“JIMAT” Rahasia, Agar Hidup Mulia?

Dr. Suheri, M.Pd.I, Tenaga Pengajar Pesantren Kunuuzul Imam Kauman dan Dosen STAI At Taqwa Bondowoso (Foto : Tim Kreatif) 
Ada seorang anak yang datang pada sang Kiai mengeluhkan kekurangan orang tuanya. Ia mengatakan kalau ibunya itu orangnya kuno dan tidak berpendidikan, sehingga membuat si anak tersebut merasa teraniaya oleh ibunya

Sang Kiai dengan tenang mendengarkan semua apa yang diucapkan oleh si anak itu. Kemudian, sang Kiai menyuruh anak itu untuk menulis semua keburukan ibunya. Anak itu menulis kalau ibunya pemarah, kurang perhatian, suka mengatur-atur, pelit, suka menyalahkan, pendendam, pilih kasih, tidak adil dan lain sebagainya. 

Sang Kiai tetap tenang ketika anak itu menyerahkan tulisan yang berisi kekurangan ibunya sendiri. Kemudian, sang Kiai menyuruh anak itu lagi untuk menulis secara jujur tentang jasa dan pengorbanan ibunya.

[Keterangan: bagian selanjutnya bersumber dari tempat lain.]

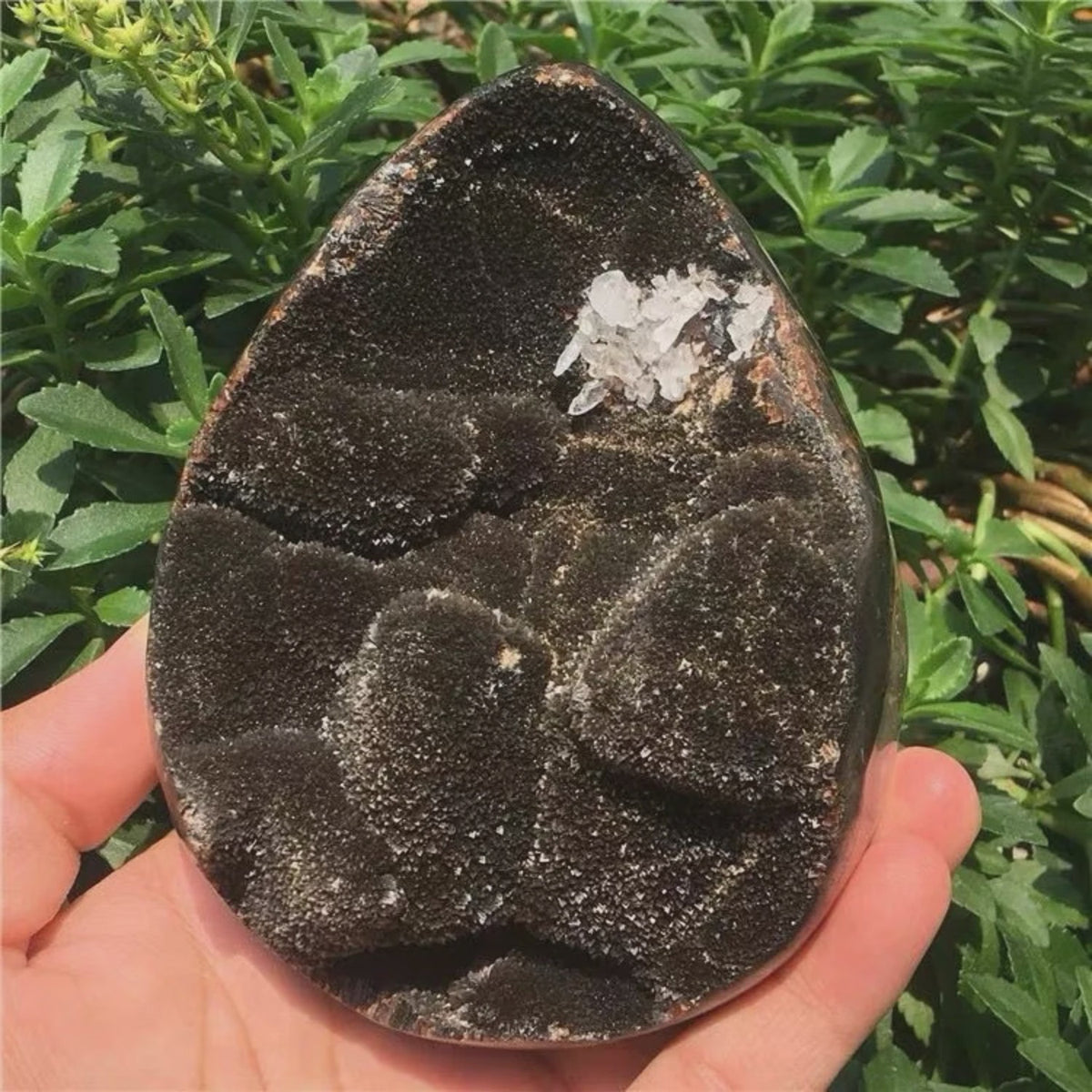 Septarian Draken Ei Kristal Geode - Zwart Kwarts voor Spirituele Heling & Decoratie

Si anak merenung seketika mendengar sang Kiai menyuruhnya menulis jasa dan pengorbanan ibunya secara jujur. Segudang pengorbanan dan kebaikan terlintas dalam benak si anak, hatinya merasakan energi pengorbanan yang sangat besar dari ibunya.

Si anak menulis kalau ia menyiksa ibunya sejak berada di perut sang ibu. Ibunya sampai kesulitan untuk tidur, berdiri, berjalan, bahkan berbaring ketika mengandung si anak. Ketika si anak hendak lahir ke dunia, yang ibu pikirkan adalah anaknya bukan dirinya sendiri. 

Seorang ibu lebih memilih keselamatan anaknya daripada dirinya sendiri, bahkan nyawanya seakan tak berharga.

Setelah lahir, tangisan anak adalah senyumnya, kebahagiaan anak adalah penyambung darah dagingnya.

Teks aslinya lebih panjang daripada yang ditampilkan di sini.